Jury Finds Terra Firma Just Made A Bad Deal In Buying EMI
from the well,-that-went-without-saying,,, dept
Way back when private equity firm Terra Firma bought record label EMI, we actually had some hope that by putting in place some folks with a different viewpoint, they might actually help EMI make the transition to the new world that the other record labels were unwilling to do, since they were too tied to the past. And there were a few encouraging early signs. EMI’s new boss, from Terra Firma, Guy Hands, told everyone at EMI that Radiohead’s business model experiments should serve as a wake-up call to respond to new challenges with “creativity and energy,” rather than lawsuits. Along those lines, he also threatened to withdraw from the RIAA and the IFPI. Finally, he hired two big name techies: including Google’s former CIO and Second Life’s co-founder.
However, there were also indications that the company was still very much unable to adjust, and didn’t really welcome those outside views. Part of it, apparently, was that EMI’s attempt to negotiate new deals with its biggest artists was done in a somewhat tone deaf manner, which pissed off those artists, who got the impression that EMI was trying to take advantage of them rather than trying to help them. On top of that, the company backed down on its threats to leave the IFPI and the RIAA… and instead became one of the more aggressive record labels in suing innovative start-ups and directly suing their execs in attempts to bankrupt them. It wasn’t much of a surprise that the two tech superstars EMI hired both left pretty quickly, as it became apparent they were marginalized within the company.
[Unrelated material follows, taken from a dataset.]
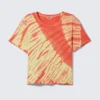 Kurzes bedrucktes T-Shirt aus gerippter Baumwolle – leuchtend rotes Tie-Dye Kurzes bedrucktes T-Shirt aus gerippter Baumwolle – leuchtend rotes Tie-Dye
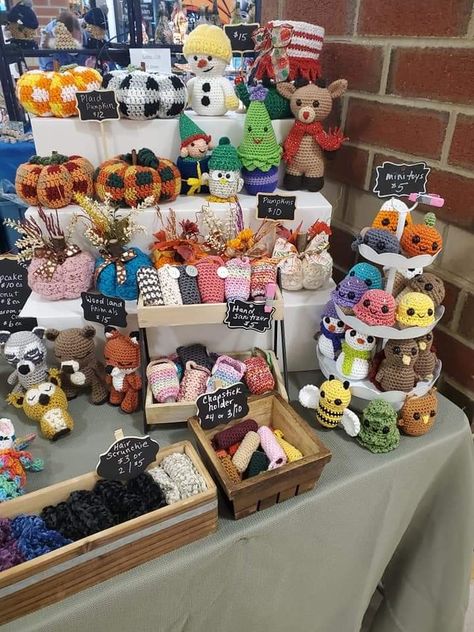 Market Displays Table Ideas, Crochet For Market Stall, Vendor Booth Display Ideas Crochet, Simple Cute Crochet Ideas Easy, Crochet Craft Table Display, Crochet Vendor Display Ideas, Crochet Stall Display Ideas, Crafts To Sell At Craft Fair, Market Setup Ideas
With this approach, not surprisingly, EMI has suffered massively in the market, and last year, Terra Firma tried to pin the blame elsewhere by claiming that Citigroup had mislead the firm into buying EMI, convincing the private equity firm to overbid. As we noted at the time, this seemed hard to believe. It was no secret that the record label business was in bad shape at the time and really needed a different approach if it was to survive. The problem was that, for all of the early talk, Terra Firma and Guy Hands never really figured out a way to change the company at all.
Now a jury has ruled against Terra Firma saying that Citigroup did not mislead Terra Firma and, basically, Terra Firma just made a bad deal. Considering how they’ve run EMI, perhaps this is not too surprising. Of course, this also means that Terra Firma is not going to get out of the massive debt obligations it owes Citigroup, which likely means that Citigroup will get to takeover EMI, meaning it will sell off the pieces (most likely to Warner Music) knocking the major record labels down to just three: Universal, Warner and Sony. It seems that, as long as they keep merging, they can pretend that it’s okay that they refuse to adapt.